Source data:

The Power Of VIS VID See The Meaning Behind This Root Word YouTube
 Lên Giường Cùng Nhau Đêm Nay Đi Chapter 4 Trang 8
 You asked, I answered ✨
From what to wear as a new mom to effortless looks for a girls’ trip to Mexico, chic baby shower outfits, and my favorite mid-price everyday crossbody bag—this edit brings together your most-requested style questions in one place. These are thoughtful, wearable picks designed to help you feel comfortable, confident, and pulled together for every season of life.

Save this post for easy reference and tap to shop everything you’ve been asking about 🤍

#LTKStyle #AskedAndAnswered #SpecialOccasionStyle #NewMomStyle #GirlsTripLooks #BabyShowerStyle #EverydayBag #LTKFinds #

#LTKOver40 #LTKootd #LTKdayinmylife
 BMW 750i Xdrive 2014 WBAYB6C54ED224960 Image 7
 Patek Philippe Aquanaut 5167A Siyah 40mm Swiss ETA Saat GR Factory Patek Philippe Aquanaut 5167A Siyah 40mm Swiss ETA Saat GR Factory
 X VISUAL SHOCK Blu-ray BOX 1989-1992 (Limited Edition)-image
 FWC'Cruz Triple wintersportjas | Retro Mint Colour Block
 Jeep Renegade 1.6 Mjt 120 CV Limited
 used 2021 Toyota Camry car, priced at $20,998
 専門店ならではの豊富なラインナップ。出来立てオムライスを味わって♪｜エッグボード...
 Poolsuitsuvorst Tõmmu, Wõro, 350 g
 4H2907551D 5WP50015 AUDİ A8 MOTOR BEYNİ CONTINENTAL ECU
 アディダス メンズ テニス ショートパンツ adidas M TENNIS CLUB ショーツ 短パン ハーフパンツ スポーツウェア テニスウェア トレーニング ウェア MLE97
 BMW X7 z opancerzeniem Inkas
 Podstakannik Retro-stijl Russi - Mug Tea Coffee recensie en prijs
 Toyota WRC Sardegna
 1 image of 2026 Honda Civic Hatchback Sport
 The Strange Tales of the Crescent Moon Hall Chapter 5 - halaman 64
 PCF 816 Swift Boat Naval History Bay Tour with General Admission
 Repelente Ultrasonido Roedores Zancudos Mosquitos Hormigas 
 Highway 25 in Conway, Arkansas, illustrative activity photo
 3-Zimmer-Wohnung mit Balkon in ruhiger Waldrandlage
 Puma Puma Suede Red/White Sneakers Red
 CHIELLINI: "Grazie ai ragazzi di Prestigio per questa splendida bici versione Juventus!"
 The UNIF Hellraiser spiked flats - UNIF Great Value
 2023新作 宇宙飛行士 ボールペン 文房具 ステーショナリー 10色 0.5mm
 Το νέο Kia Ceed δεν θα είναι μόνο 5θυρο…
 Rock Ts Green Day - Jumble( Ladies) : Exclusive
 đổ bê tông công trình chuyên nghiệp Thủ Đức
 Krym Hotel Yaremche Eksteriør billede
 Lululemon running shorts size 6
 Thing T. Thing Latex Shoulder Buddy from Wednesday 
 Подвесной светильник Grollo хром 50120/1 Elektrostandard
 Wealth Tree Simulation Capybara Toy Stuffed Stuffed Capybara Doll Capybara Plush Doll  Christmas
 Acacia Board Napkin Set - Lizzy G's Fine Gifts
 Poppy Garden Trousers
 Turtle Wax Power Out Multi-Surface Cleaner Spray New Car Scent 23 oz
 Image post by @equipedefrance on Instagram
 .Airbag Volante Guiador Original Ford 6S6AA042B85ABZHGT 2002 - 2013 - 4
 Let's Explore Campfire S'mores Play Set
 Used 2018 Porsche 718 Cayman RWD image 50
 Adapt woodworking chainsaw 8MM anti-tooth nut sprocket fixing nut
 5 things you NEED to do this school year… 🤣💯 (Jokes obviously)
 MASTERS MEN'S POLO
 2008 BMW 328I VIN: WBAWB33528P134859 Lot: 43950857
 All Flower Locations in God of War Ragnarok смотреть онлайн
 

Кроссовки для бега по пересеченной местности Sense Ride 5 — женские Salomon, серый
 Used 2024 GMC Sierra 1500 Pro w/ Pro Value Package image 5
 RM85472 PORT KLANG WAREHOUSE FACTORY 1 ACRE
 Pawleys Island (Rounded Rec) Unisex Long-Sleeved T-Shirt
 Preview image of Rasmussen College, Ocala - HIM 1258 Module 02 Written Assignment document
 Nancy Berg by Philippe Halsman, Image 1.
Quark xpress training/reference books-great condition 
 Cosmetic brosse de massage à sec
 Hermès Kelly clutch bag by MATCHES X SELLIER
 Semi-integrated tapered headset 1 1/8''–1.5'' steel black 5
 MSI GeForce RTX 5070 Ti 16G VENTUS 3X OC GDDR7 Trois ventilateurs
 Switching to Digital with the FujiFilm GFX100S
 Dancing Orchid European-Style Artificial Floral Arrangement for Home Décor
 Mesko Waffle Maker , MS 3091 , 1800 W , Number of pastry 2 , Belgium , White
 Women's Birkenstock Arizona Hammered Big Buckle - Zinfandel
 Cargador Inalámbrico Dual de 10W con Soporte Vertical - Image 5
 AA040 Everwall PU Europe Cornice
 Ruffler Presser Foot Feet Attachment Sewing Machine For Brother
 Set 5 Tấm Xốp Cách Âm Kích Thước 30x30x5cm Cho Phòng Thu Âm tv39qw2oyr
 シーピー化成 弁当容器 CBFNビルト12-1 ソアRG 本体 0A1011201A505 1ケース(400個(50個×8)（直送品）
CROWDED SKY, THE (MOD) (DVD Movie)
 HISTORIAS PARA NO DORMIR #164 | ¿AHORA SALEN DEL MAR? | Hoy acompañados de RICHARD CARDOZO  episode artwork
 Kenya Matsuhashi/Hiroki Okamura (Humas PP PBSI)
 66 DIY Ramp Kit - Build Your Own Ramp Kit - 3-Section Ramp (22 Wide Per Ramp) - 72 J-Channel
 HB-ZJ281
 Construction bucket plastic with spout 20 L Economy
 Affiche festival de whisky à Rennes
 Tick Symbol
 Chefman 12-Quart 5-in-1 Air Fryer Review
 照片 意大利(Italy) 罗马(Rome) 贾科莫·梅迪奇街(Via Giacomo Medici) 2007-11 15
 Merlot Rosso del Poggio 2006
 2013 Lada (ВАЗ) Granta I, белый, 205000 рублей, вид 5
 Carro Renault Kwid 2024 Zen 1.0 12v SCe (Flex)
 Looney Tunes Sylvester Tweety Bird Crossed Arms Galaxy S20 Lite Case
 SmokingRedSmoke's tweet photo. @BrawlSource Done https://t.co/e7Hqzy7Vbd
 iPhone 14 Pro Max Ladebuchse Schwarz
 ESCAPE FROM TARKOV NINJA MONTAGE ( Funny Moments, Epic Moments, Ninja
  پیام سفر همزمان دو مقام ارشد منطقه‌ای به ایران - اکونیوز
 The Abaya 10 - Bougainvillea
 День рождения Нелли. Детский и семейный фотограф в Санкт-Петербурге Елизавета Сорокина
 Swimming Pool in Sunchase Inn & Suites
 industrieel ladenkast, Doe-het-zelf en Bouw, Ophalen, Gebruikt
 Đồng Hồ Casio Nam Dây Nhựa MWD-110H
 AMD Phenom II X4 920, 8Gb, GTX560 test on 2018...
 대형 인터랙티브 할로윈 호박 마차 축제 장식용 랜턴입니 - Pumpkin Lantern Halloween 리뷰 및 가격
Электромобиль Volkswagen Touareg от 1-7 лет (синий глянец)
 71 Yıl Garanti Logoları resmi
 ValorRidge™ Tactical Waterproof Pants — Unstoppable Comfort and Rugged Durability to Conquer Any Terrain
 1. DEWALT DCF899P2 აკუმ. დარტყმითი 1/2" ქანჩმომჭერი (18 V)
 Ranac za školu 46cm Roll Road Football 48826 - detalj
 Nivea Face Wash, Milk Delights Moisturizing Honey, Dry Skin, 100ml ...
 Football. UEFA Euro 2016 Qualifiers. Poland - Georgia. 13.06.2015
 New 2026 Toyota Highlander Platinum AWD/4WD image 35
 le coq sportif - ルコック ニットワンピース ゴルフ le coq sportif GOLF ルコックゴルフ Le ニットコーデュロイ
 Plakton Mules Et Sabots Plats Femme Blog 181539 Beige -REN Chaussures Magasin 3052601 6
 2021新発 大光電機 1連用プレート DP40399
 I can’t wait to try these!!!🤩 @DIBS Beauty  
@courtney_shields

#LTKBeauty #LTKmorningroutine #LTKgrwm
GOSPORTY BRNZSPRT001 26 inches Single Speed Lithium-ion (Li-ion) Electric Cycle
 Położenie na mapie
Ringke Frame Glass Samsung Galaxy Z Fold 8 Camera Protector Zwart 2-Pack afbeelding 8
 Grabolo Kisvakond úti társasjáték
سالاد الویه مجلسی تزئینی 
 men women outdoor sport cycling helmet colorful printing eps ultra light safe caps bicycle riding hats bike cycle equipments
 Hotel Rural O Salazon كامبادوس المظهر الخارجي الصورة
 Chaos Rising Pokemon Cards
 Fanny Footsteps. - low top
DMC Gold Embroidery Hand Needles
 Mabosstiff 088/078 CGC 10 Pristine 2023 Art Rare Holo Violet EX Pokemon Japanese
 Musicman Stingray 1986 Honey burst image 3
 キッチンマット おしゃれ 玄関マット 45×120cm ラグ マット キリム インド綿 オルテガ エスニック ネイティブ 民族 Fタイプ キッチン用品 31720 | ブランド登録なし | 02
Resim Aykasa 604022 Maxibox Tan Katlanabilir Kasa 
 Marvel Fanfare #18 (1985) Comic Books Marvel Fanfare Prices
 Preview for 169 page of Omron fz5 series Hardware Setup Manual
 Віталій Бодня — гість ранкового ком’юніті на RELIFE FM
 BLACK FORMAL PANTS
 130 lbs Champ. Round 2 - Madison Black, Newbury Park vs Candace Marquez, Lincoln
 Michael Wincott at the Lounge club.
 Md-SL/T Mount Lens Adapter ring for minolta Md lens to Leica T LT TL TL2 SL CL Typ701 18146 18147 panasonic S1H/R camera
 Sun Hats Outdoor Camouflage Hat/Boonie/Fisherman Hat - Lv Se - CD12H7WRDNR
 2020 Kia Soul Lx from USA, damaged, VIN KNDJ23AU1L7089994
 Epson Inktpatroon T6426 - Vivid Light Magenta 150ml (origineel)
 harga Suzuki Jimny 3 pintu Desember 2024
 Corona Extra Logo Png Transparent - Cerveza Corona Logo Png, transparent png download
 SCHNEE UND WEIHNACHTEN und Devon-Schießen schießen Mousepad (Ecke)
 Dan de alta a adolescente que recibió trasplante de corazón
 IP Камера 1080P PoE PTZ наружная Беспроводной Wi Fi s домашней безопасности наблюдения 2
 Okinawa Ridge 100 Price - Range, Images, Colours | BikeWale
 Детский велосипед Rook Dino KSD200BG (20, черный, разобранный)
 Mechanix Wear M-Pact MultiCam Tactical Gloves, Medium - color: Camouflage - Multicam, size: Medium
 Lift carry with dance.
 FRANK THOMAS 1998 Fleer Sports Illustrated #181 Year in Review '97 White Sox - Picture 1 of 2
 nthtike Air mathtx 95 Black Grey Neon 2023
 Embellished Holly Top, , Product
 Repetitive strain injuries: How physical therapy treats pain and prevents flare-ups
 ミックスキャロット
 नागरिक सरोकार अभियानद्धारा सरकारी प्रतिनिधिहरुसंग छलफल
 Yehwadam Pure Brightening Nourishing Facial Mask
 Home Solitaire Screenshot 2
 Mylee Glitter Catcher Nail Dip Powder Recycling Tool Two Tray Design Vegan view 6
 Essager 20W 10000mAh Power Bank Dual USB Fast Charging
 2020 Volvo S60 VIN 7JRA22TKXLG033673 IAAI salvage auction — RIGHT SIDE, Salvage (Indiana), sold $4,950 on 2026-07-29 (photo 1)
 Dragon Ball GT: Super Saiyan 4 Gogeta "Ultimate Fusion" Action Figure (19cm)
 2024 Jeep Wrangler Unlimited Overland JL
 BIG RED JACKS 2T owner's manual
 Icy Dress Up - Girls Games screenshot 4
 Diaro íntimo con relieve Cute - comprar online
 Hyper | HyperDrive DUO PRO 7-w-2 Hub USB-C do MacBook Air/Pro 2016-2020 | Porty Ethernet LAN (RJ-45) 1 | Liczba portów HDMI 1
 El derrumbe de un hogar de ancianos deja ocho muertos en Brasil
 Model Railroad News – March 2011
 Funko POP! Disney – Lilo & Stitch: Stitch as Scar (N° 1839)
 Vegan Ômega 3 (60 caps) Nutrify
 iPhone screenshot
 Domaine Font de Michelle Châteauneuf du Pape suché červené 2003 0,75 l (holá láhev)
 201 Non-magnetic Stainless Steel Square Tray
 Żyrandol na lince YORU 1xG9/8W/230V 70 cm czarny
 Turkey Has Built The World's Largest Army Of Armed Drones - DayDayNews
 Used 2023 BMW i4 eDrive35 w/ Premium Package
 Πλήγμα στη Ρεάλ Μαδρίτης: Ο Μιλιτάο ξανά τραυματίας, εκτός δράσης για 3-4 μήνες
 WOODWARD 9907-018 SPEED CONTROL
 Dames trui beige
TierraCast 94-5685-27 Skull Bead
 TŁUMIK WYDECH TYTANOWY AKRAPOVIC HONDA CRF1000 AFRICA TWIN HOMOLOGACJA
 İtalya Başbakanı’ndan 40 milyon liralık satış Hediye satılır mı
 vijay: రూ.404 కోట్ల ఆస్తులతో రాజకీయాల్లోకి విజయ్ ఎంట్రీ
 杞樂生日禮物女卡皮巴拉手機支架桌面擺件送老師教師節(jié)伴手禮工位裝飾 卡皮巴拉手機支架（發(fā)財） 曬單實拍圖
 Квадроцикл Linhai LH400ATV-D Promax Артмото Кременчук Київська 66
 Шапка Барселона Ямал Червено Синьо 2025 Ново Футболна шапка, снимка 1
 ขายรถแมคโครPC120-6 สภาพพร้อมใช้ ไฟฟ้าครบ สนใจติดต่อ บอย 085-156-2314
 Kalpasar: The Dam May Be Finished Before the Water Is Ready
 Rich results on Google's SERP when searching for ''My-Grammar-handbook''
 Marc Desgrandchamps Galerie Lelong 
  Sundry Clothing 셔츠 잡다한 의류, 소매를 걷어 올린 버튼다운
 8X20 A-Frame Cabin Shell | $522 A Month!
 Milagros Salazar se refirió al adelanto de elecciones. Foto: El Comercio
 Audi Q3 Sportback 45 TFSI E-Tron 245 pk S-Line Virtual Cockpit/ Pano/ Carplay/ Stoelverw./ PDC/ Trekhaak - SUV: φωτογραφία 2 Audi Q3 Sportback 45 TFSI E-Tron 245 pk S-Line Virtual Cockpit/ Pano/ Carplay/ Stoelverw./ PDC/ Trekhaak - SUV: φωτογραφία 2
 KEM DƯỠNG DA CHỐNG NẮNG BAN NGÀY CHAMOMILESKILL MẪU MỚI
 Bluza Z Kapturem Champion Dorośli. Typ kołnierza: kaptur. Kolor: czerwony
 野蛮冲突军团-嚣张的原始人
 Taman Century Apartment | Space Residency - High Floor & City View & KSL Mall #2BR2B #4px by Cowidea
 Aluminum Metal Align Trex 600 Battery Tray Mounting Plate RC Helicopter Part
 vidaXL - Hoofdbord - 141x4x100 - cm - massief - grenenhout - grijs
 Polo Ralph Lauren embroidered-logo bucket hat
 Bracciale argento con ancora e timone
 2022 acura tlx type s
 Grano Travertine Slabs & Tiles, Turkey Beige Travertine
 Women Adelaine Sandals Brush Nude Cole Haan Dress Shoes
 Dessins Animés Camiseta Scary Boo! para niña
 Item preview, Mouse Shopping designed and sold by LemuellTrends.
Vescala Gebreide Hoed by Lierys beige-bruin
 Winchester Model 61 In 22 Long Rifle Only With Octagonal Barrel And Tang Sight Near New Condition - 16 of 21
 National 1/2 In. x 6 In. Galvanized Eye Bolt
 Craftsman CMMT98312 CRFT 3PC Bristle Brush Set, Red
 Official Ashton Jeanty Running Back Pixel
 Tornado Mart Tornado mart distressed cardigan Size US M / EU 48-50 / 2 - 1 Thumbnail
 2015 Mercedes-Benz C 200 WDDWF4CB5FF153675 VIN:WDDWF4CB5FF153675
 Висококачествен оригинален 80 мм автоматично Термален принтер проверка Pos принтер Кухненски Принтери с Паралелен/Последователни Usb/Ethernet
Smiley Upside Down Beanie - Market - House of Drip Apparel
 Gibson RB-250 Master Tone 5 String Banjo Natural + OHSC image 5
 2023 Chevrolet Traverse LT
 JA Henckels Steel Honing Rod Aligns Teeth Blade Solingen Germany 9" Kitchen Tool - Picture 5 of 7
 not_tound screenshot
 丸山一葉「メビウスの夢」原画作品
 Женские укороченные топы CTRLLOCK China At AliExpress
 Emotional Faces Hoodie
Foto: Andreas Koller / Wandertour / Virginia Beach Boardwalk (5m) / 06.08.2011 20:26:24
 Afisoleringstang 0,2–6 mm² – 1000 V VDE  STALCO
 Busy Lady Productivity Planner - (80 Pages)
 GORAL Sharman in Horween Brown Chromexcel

:: Action item ::
Which lines above hold the string "Chapter"? Copy each of them.

:: Response to this exercise ::
 Lên Giường Cùng Nhau Đêm Nay Đi Chapter 4 Trang 8
 The Strange Tales of the Crescent Moon Hall Chapter 5 - halaman 64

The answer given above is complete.